Huntington Castle Bridge © Lavender's Blue Stuart Blakley

Manning’s daughter Olivia inherited his talent for writing and published five books. Field of the Stranger, a highly original read, won the London Book Society Choice award in 1948. Another polymath, an explorer of psychic areas, a landed cosmonaut, she illustrated her novel with her own wildly witty black ink drawings. It would take a heart of stone not to laugh out loud at priceless passages such as Olivia’s description of the antics of a fortune teller, “She’s great at it – once she told Margaret how she saw a bright change coming, and Margaret got the job in Dublin in no time after.” Another literary gem worthy of Hunderby is the incident of the wart. “I knew a young chap – he was a footman at Mount Charles – and he had a wart, and he was ashamed to hand round the plates on account of his wart. I was always warning him not to meddle with it, but he cut it, and what happened but he got the jaw-lock and died in a fearful manner, twisted and turned like a shrimp, with his heels touching his head.” Arch humour continues with chat over afternoon tea about the perils of mixing tipples with talent. “’Why,’ declared Miss Pringle, ‘I have lived for many years in Booterstown, Dublin, and everybody knows that Dublin is swarming with writers and artists, most of them geniuses and all drinking themselves to death. I am told one cannot enter a public house without falling over them. Or them falling over you more likely.’” Strangers misbehaving.

Huntington Castle Donegall Lavender's Blue Stuart Blakley

The hilarity of an amateurs’ night out is accurately documented in a calamitous village play scene: “Amidst an excited murmuring, the curtain jerked spasmodically and slid up on the left side; our expectation was increased by a glimpse of a posed female chorus in plumed bonnets, violet velvet capes and white Empire gowns. The curtain fell. There was another jerk, and this time the right hand curtain jumped up coquettishly, only to sag back to its comrade… As if to show that they had only been joking, the curtains suddenly fled dramatically apart…” Her tragicomedy reaches a crescendo when the chorus starts belting out The Charladies’ Ball in “nightmarish counterpoint”. Who will survive?
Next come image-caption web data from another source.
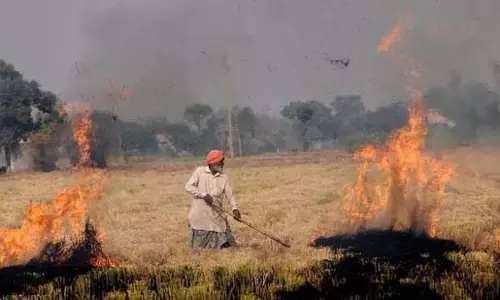DEHLI: सुप्रीम कोर्ट ने केंद्र, हरियाणा और पंजाब को फटकार लगाई DEHLI: सुप्रीम कोर्ट ने केंद्र, हरियाणा और पंजाब को फटकार लगाई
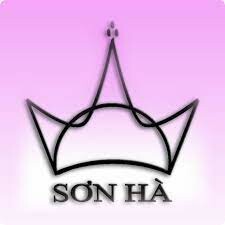 Công ty TNHH Thương mại Sơn Hà 10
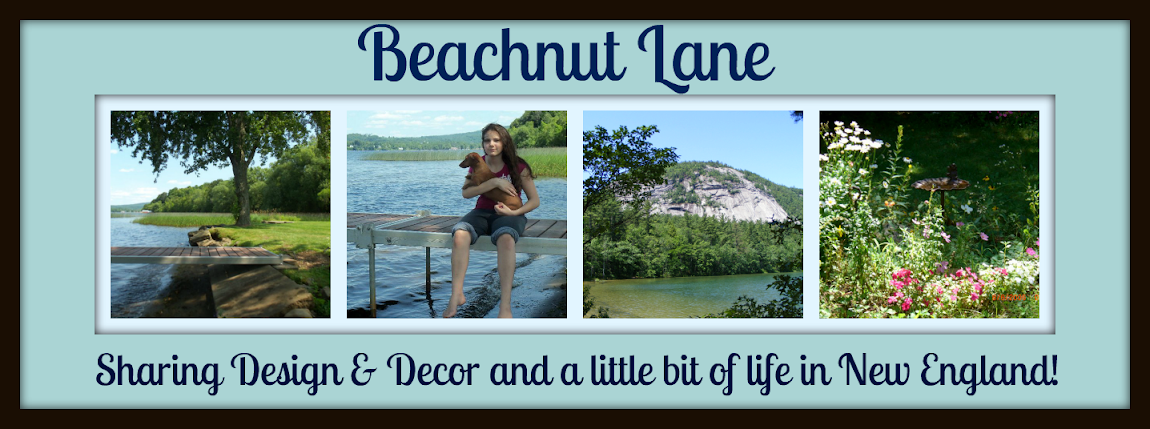 Beachnut Lane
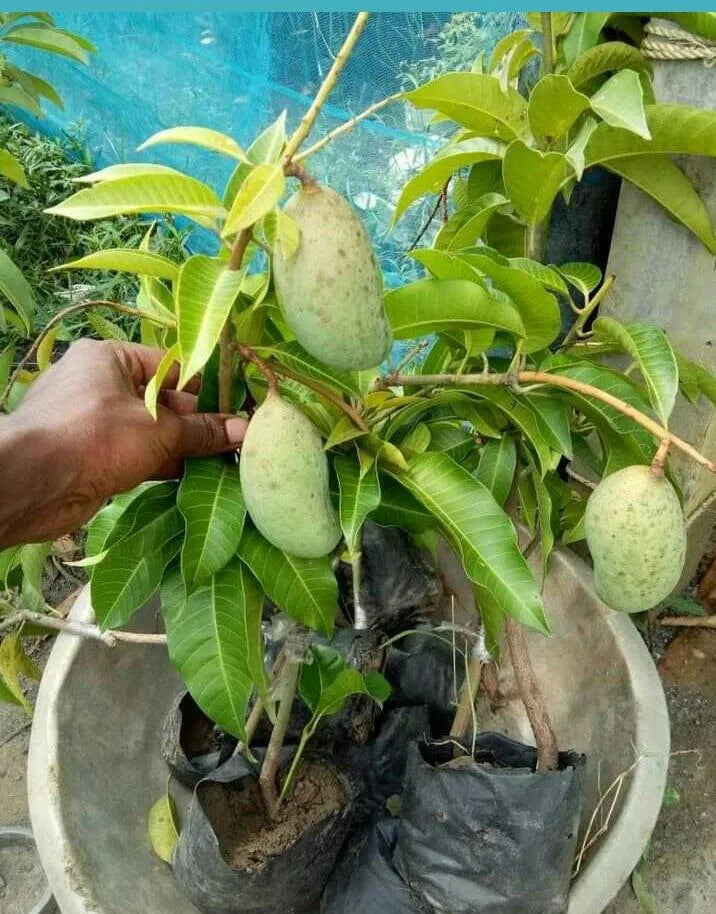 Lanta Mango Aam Grafted Healthy Fruit Plant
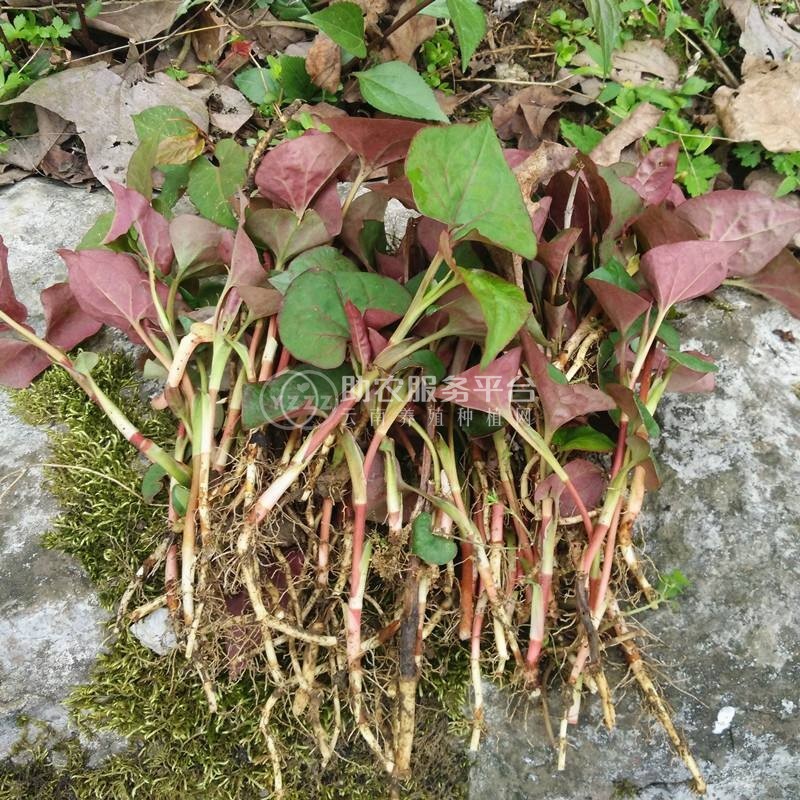红河乐育折耳根种植中心 供应量1吨图7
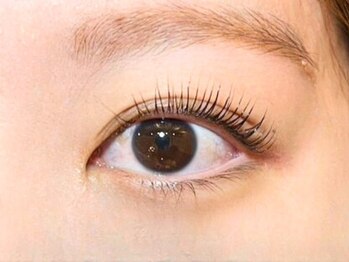 フロール 上大岡(Flor)/パリジェンヌ　ラッシュリフト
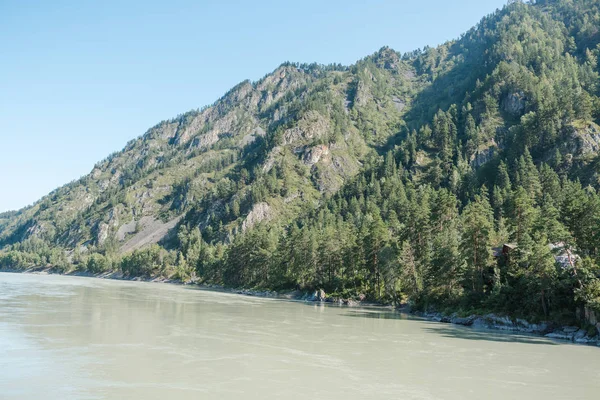 dağların arasında nehir. dağların güzel görünümü. Rusya'nın doğası. Altay'daki dağlar. dağlarda çam ormanı. nehirde su.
Huntington Castle Bust © Lavender's Blue Stuart Blakley

Olivia fretted in her prizewinning novel about the disappearance of country houses: “I was afraid that Mount Granite might fall a prey to house demolishers, who were exploiting the temporary shortage of materials by buying up eyesores, gaping roofless to the weather. I had seen so many wreckages of architecture, besides rare specimen trees felled and sold for firewood, that I was fearful such a fate might befall the Wilderness.” Three decades later John Cornforth would worry in Country Life, “A policy for historic houses seems to be much harder to work out in Ireland than in England for historical as well as economic reasons, and places of the importance of Castletown, County Kildare, and Malahide Castle, County Dublin, have only survived through lucky last ditch operations, organised in the first case by Mr Desmond Guinness and the Irish Georgian Society, and in the second by Dublin Tourism in conjunction with the National Gallery and Dublin County Council.” As Frank Keohane observes, hotelisation was nearly as great a threat as demolition during the crazy boom years. One word: Carton. Two words: Farnham House. Saved, but at what a cost. Love | Hate. Such Ballyhoo. Wish they were Luton Hoo. Anyhoo. It can be done and undone. Three syllables. Ballyfin.
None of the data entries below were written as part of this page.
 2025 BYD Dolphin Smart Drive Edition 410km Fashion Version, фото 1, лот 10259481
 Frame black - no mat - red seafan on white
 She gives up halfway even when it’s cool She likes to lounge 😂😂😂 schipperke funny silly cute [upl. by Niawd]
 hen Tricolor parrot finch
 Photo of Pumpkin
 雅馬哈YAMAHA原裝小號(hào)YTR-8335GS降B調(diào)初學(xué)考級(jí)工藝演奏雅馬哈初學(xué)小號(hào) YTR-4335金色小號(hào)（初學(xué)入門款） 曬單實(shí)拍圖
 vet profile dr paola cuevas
Huntington Castle Taxidermy © Lavender's Blue Stuart Blakley

It’s all about Huntington this wintry weekend. First sight of the castle is a romantic fairy tale come true. A mosaic of yellow squares (in 1888 the house was the first in Ireland to have electricity installed) flickers through a veil beyond the Pale of leafless spidery trees entwined with Celtic mist and mysticism. It’s crowned by jagged toothed battlements (spaces for fairies) silhouetted against the melancholic velvety sky. Country Life, Tatler and Vogue are stacked up in coffee table-demolishing piles. Huntington is so photogenic it could easily be the cover boy of all three. A pair of peacocks, two pigs, two cats (Nutmeg and Spook), two lurchers (Country Life’s “guilty pleasure”) and three dachshunds (but no partridge in a pear tree) greet strangers. There are flowers on the first floor and soldiers in the attic. Only the latter are dead, strangers in the night. “I believe time is spiral,” confides Alex. “It’s linked to quantum mechanics. When apparitions appear they’re like jumbled video clips out of sequence.” He leads ghost tours at Halloween and the house and gardens are open to the public most of the year round. The castle must pay for its keep (pun). “We’ve developed bed and breakfast around this tourism. These houses drink money. It costs €25 an hour to heat Huntington. We’re not suitable for weddings and turning the house into a venue would destroy the fabric.”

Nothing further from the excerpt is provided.